Set down the whole listing below exactly, without pictures.

*** Opening of The data ***

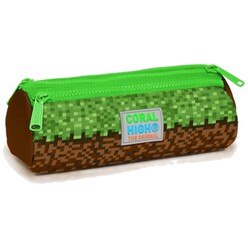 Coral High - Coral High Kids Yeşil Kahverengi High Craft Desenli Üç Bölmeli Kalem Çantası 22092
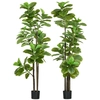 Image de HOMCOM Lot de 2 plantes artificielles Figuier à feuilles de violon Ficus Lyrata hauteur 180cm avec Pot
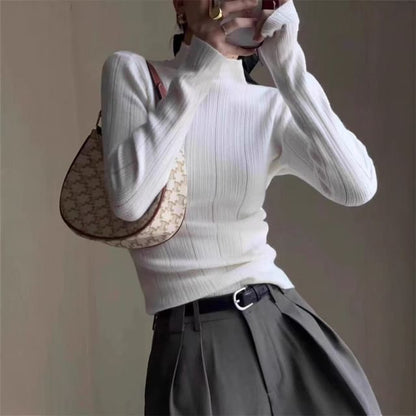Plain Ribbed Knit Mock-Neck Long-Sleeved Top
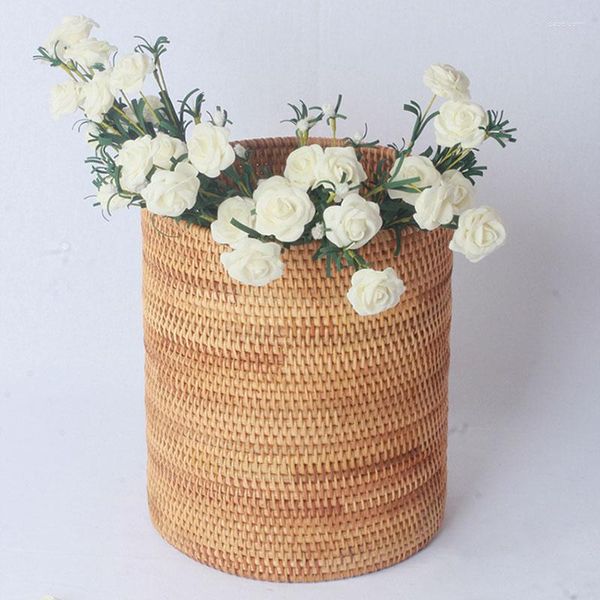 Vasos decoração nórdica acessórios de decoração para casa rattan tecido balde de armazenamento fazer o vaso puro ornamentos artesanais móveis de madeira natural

*** Close of The data ***

Reply to the task -
 Coral High - Coral High Kids Yeşil Kahverengi High Craft Desenli Üç Bölmeli Kalem Çantası 22092
 Image de HOMCOM Lot de 2 plantes artificielles Figuier à feuilles de violon Ficus Lyrata hauteur 180cm avec Pot
Plain Ribbed Knit Mock-Neck Long-Sleeved Top
 Vasos decoração nórdica acessórios de decoração para casa rattan tecido balde de armazenamento fazer o vaso puro ornamentos artesanais móveis de madeira natural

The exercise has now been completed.